And Christianity’s connection with all of this?[i] Nancy Pearcy, in her fantastic new book Love Thy Body, has many important tidbits to share: (note the impressive review/interview here from, of all places, Religion News Service)
- “We should never defend Christianity by saying it is traditional. From the beginning, it has stood against the traditions of its day” (70).
- “Beginning in the fifth century, Christian leaders finally began to wield enough political influence to pass laws against sexual slavery…The most reliable index of how deeply Christianity had permeated a society was whether it outlawed sexual slavery” (72).
- “[In ancient Greece and Rome] brothels specializing in sex slaves, including children, were a legal and thriving businesses… Jesus shocked his contemporaries by treating children not as contemptible but as valuable…” (104-105).
- “Scripture offers a stunningly high view of physical union as a union of whole persons across all dimensions” (138).
- “The communion of male and female is meant to mirror the communion of divine persons within the Trinity” (139).
- “Some of the early martyrs were slaves who proclaimed their freedom in Christ by refusing to [sexually] service their masters – and were executed for it” (143).
- “Christianity, we might say, invented consensual sex when it developed a sex ethic that assumed that God empowers individuals with freedom” (143).
- “When we make sexual decisions, we are not just deciding whether to follow a few rules.

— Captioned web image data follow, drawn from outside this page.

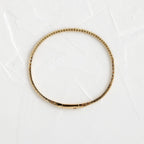 14k gold round lab grown diamond tennis bracelet, macro detail view showing fine craftsmanship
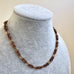 A close-up of a Jakob Bengel Byzantine link necklace displayed on a light gray fabric jewelry bust against a plain beige background.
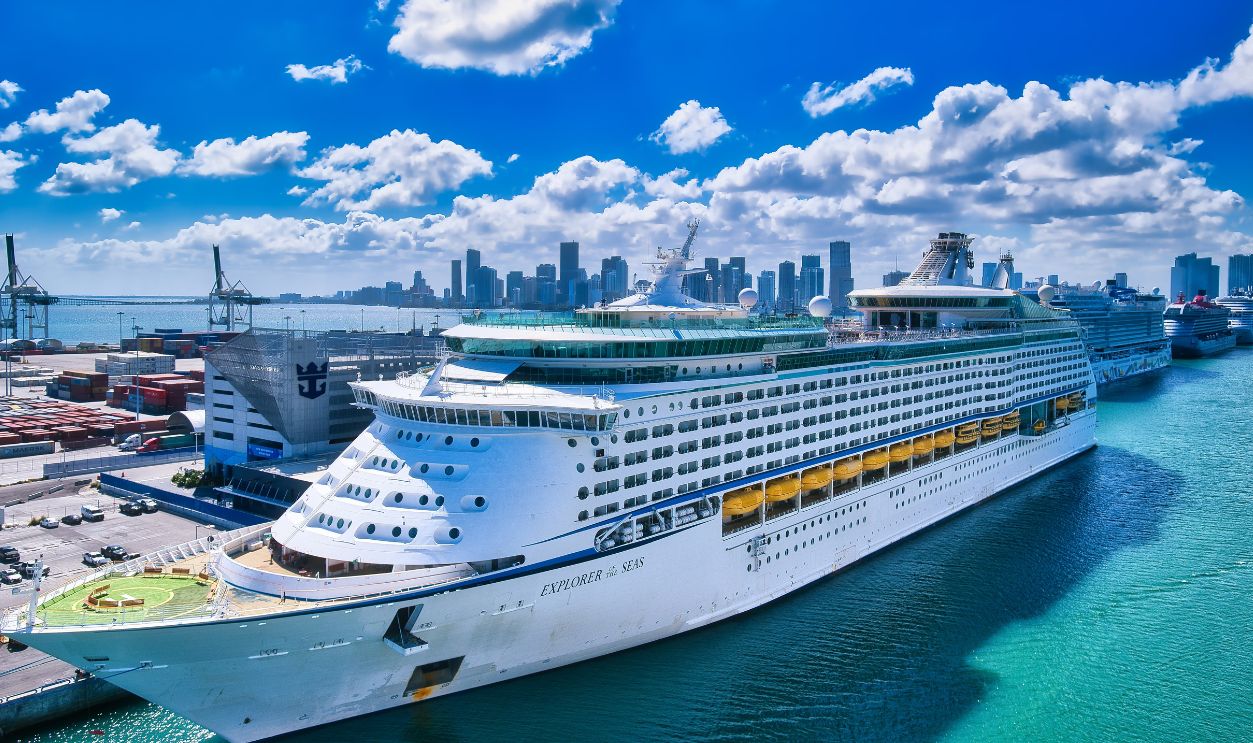A luxurious cruise ship moored at the bustling Miami port with the city skyline in the background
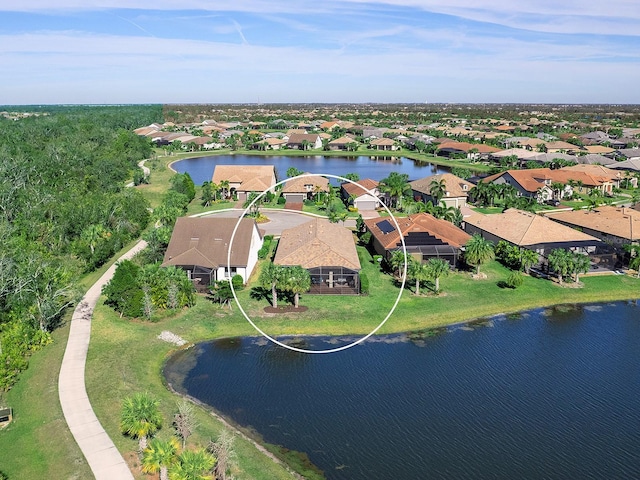 birds eye view of property with a water view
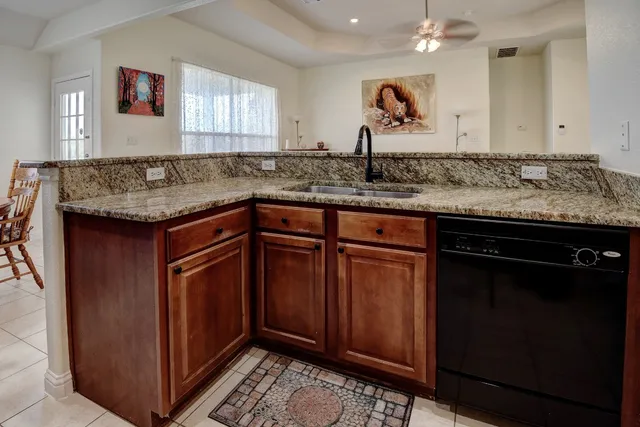 a kitchen with granite countertop a sink and cabinets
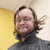A pixelated static image shows a person with long brown hair and a beard wearing a dark turtleneck sweater against a yellow and white background.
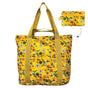 Yellow tote bag with hummingbird and floral pattern with it's feature foldable pouch displayed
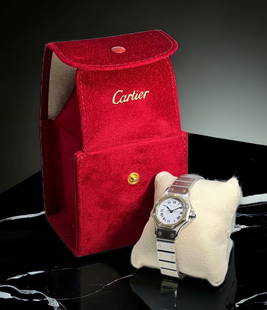 Cartier 18K & Stainless Steel Ladies' Watch.: It is an Automatic watch, and comes with Two additional Links, three Cartier Leather Pamphlets with Papers, and a Cartier Carrying Case. The Watch is Ticking, and in Good Overall Condition, with only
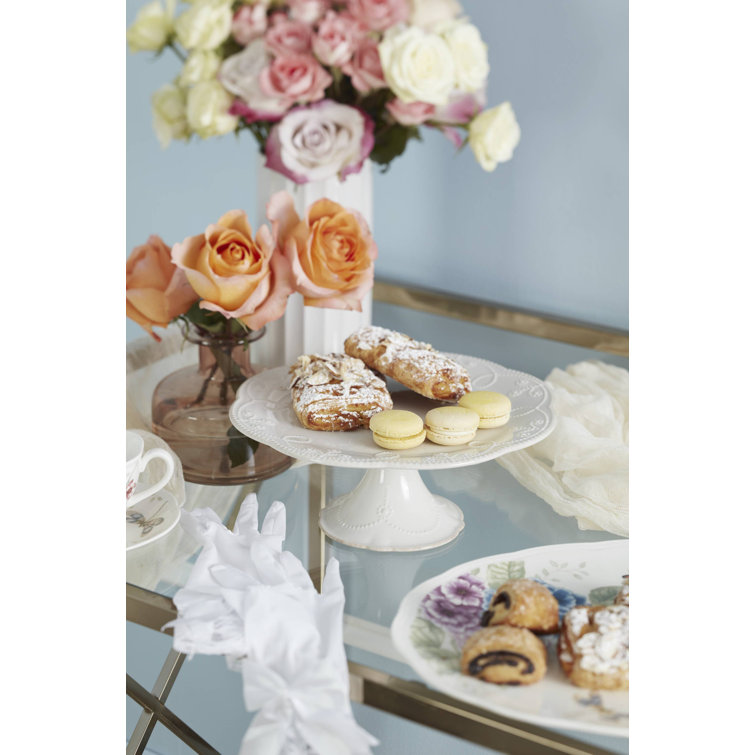 Elegant White Ceramic Pedestal Cake Stand with Floral Motif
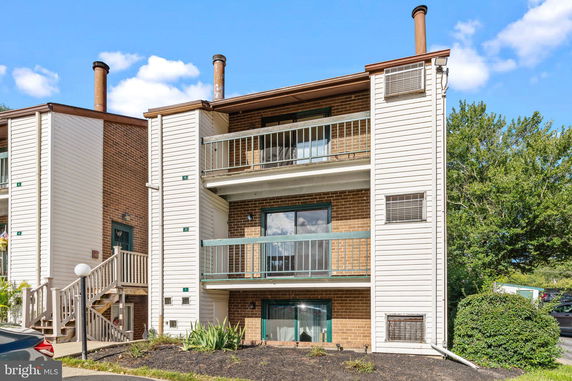 Front view of a three-story apartment building with balconies and a brick facade.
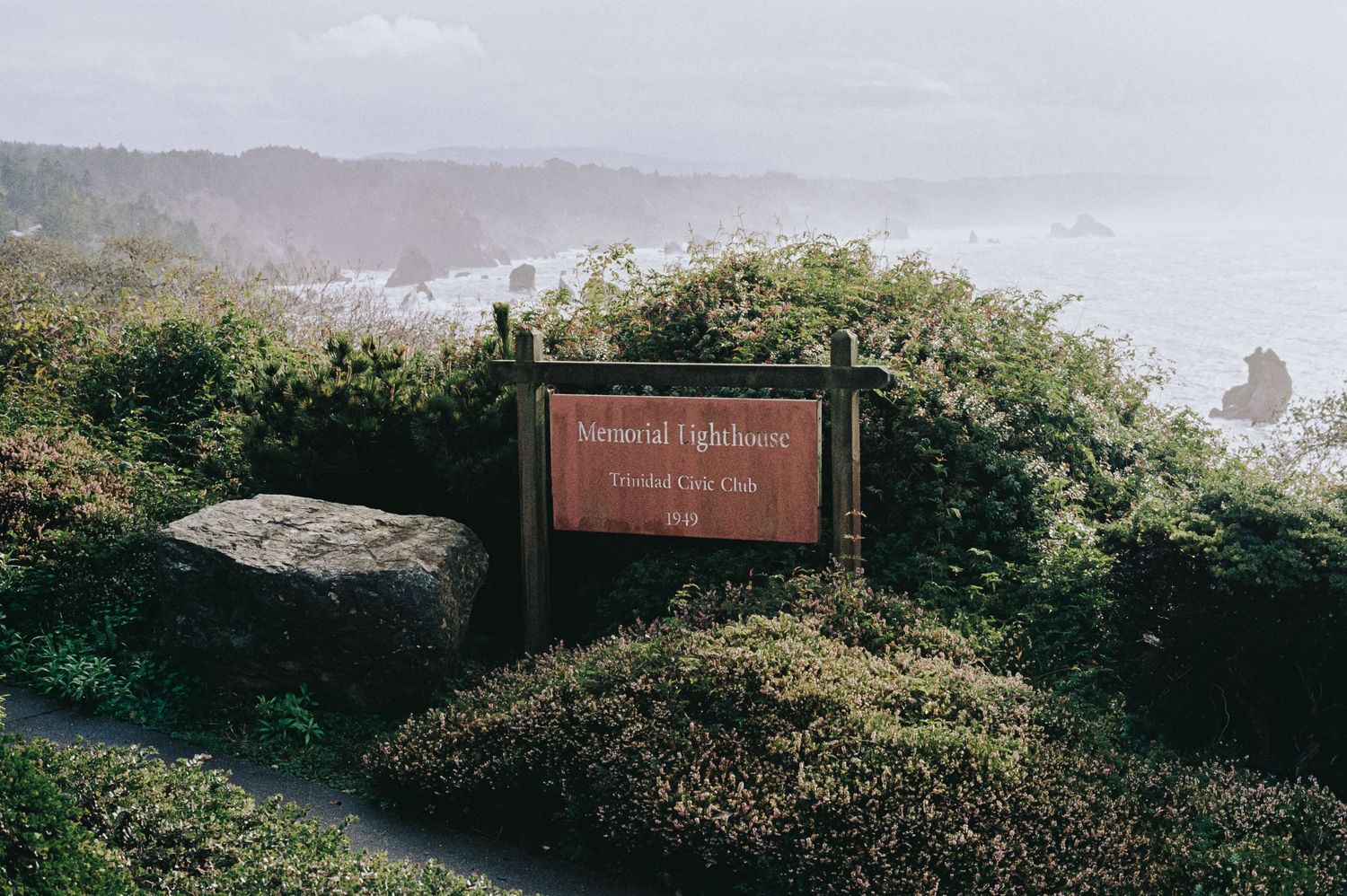 A wooden sign for Memorial Lighthouse surrounded by lush green shrubs with a misty coastal ocean view in the background.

We are expressing our view of the cosmos and human nature” (156).

“We are expressing our view of the cosmos and human nature” not only as regards sexual decisions but about politics as well. After all, most political action — that is the governance of human beings in the world — happens organically with marriage, i.e. at the level of the family the one flesh union creates. It should therefore be no mystery why marriage is the ultimate icon of Christ and His Bride, who is the Church — the mother of the children of God who guides them to their Shepherd-King.

This is why, as Pearcey provocatively puts it, “The early church may have been ‘on the wrong side of history.’ But that’s why it changed history”(188).
The previous title of Professor Alvin Schmidt’s book “How Christianity Changed the World” says it all: “Under the Influence” – namely, of Christ and the Christian conscience!…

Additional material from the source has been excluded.